The address comparator 35 and a strike detect register 37 operate to detect when a screen row 26 that is currently being refreshed is written to by the controller. Such an event is referred to herein as a "lightning strike." The strike detect register 37 is a one bit register that is held at one of two states; STRIKE or NOSTRIKE. The strike detect register 37 receives the current refresh address as an input, and upon a change in row address (indicating a new row is to be refreshed) is set to NOSTRIKE. A second input to the strike detect register 37 is provided by the address comparator 35. The current refresh row and write address are provided as inputs to the address comparator 37. In the event these addresses are the same, a lightning strike has occurred, and the address comparator 35 provides an output that changes the strike detect register 37 to the STRIKE status.

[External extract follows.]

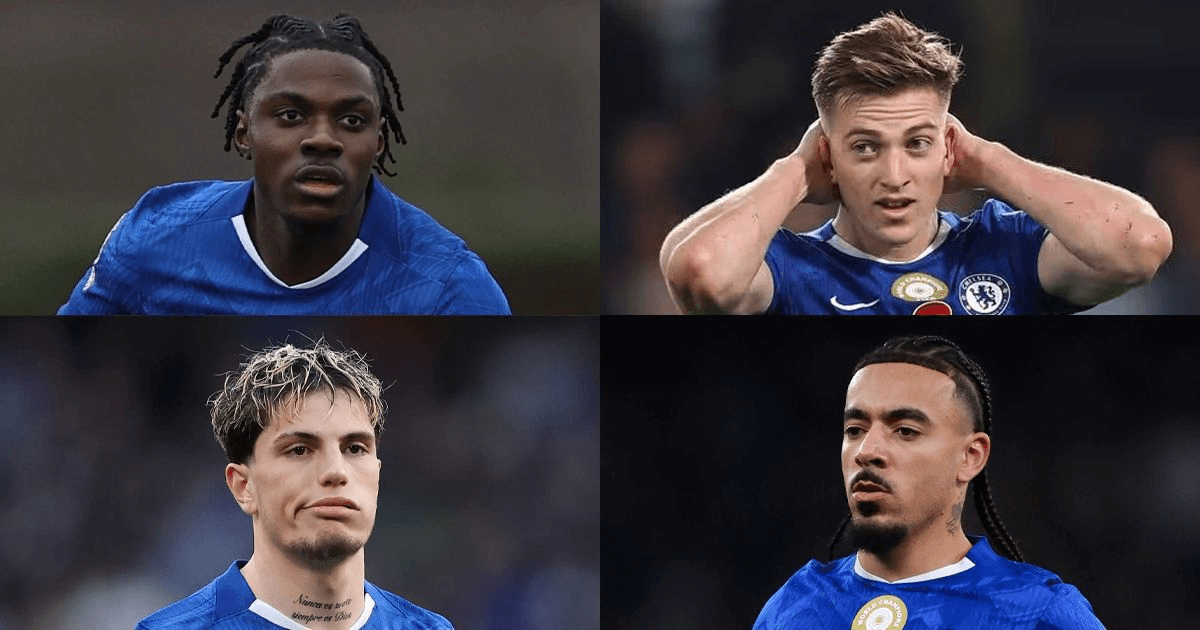 Chelsea Summer sales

The status of the strike detect register 37 is provided as an output to the redundancy data section 16. A lightning strike also affects the row status bit initially latched by the row valid buffer 30. As shown in FIG. 3 the row status selector 36 receives the strike detect register 37 as an input. If the row status bit initially latched is VALID, a lightning strike will change the latched value to INVALID.

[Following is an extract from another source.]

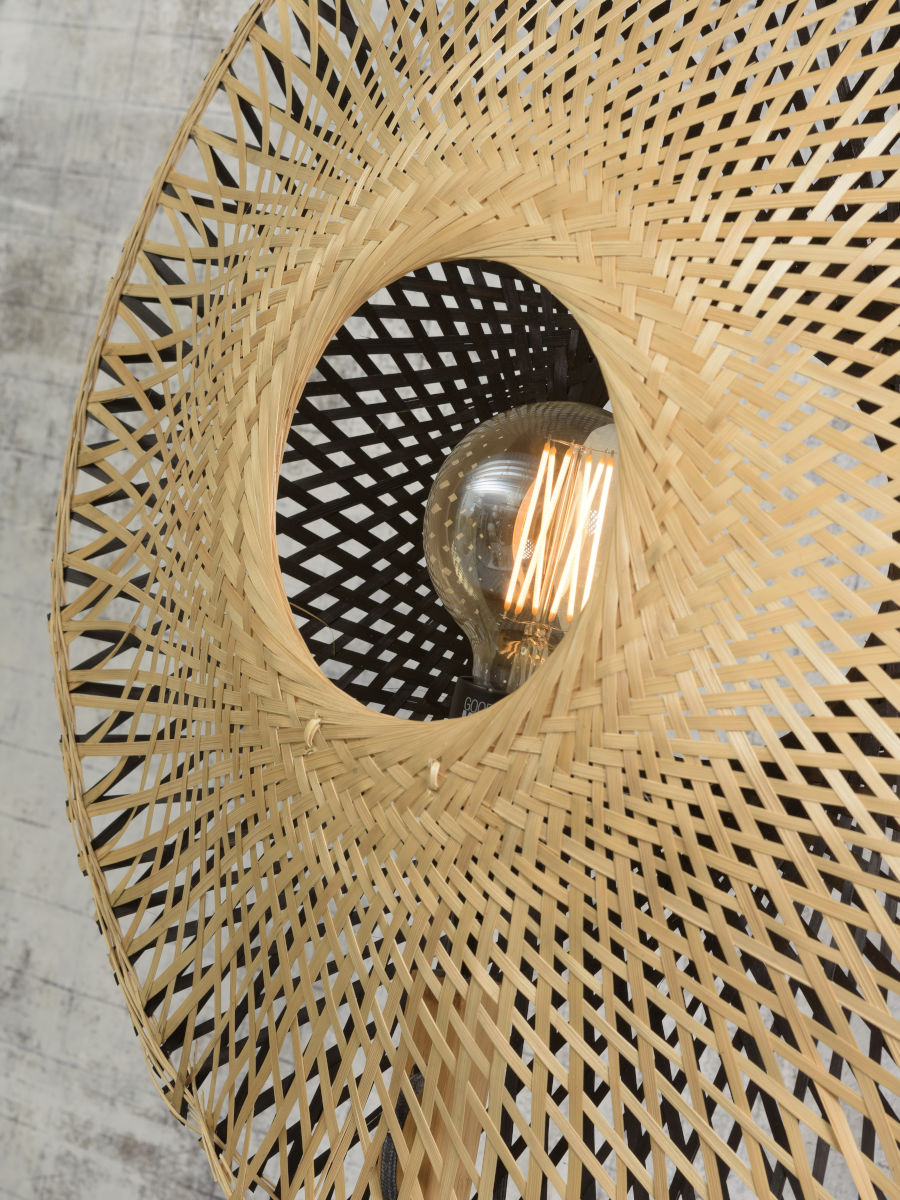 good&mojo-lampadaire-kalimantan-naturel/noir-bambou-ø44cm-e27-kalimantan/f/n/4412/bn-10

Referring now to FIG. 4, the redundancy data section 16 is set forth in more detail, and is shown to include a redundancy memory 38, a horizontal redundancy buffer (hereinafter "HR buffer") 40, a run length encoder 42, a buffer pointer 44, and a buffer adder 46. In the preferred embodiment, as shown in FIG. 1, the redundancy memory 38 is part of the total display memory 24.
Referring once again to FIG. 2, a more detailed depiction of the redundancy memory 38 is shown in conjunction with its corresponding screen memory 12. The redundancy data memory 38 includes a redundancy data row 48 corresponding to each screen row 26 in the screen memory 12. In a similar fashion each redundancy data row 48 includes a bit location corresponding to each RU in the screen row 26. In the example of FIG. 2, the redundancy data memory 38 has 480 redundancy data rows 48, with each redundancy data row 48 having 160 bits. It is understood that the redundancy data memory 38 is configurable, with a larger screen memory 12 having a larger corresponding redundancy data memory 38.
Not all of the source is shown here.